ENTRIES SUPPLIED Start Marker
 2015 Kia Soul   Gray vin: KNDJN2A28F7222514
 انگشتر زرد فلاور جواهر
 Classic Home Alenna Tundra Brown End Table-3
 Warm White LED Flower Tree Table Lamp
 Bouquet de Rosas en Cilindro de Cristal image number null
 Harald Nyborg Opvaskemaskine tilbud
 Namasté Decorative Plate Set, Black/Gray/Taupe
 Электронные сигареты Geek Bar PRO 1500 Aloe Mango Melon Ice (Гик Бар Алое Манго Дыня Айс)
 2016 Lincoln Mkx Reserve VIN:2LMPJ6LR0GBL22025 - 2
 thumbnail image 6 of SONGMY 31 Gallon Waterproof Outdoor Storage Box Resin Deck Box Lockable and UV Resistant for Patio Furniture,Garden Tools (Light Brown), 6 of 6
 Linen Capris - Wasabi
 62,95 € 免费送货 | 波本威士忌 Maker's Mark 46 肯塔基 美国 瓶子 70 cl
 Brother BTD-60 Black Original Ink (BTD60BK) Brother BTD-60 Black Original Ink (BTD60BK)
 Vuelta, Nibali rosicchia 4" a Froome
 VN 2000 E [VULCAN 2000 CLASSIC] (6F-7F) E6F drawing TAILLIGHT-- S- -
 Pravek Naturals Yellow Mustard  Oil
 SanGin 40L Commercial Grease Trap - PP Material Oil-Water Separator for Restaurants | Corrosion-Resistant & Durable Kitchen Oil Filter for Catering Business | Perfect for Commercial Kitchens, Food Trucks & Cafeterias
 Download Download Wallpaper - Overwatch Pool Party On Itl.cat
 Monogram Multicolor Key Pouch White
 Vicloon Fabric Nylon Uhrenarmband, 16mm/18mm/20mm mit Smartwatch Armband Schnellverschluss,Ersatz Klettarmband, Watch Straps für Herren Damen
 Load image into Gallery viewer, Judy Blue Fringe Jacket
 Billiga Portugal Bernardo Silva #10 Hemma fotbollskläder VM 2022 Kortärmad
ENTRIES SUPPLIED End Marker
TASK OBJECTIVE >>
Reprint exactly the lines above that start at the one with "Linen Capris - Wasabi" and end at the one with "Monogram Multicolor Key Pouch White", keeping both and adding none.

RESPONSE BELOW >>
 Linen Capris - Wasabi
 62,95 € 免费送货 | 波本威士忌 Maker's Mark 46 肯塔基 美国 瓶子 70 cl
 Brother BTD-60 Black Original Ink (BTD60BK) Brother BTD-60 Black Original Ink (BTD60BK)
 Vuelta, Nibali rosicchia 4" a Froome
 VN 2000 E [VULCAN 2000 CLASSIC] (6F-7F) E6F drawing TAILLIGHT-- S- -
 Pravek Naturals Yellow Mustard  Oil
 SanGin 40L Commercial Grease Trap - PP Material Oil-Water Separator for Restaurants | Corrosion-Resistant & Durable Kitchen Oil Filter for Catering Business | Perfect for Commercial Kitchens, Food Trucks & Cafeterias
 Download Download Wallpaper - Overwatch Pool Party On Itl.cat
 Monogram Multicolor Key Pouch White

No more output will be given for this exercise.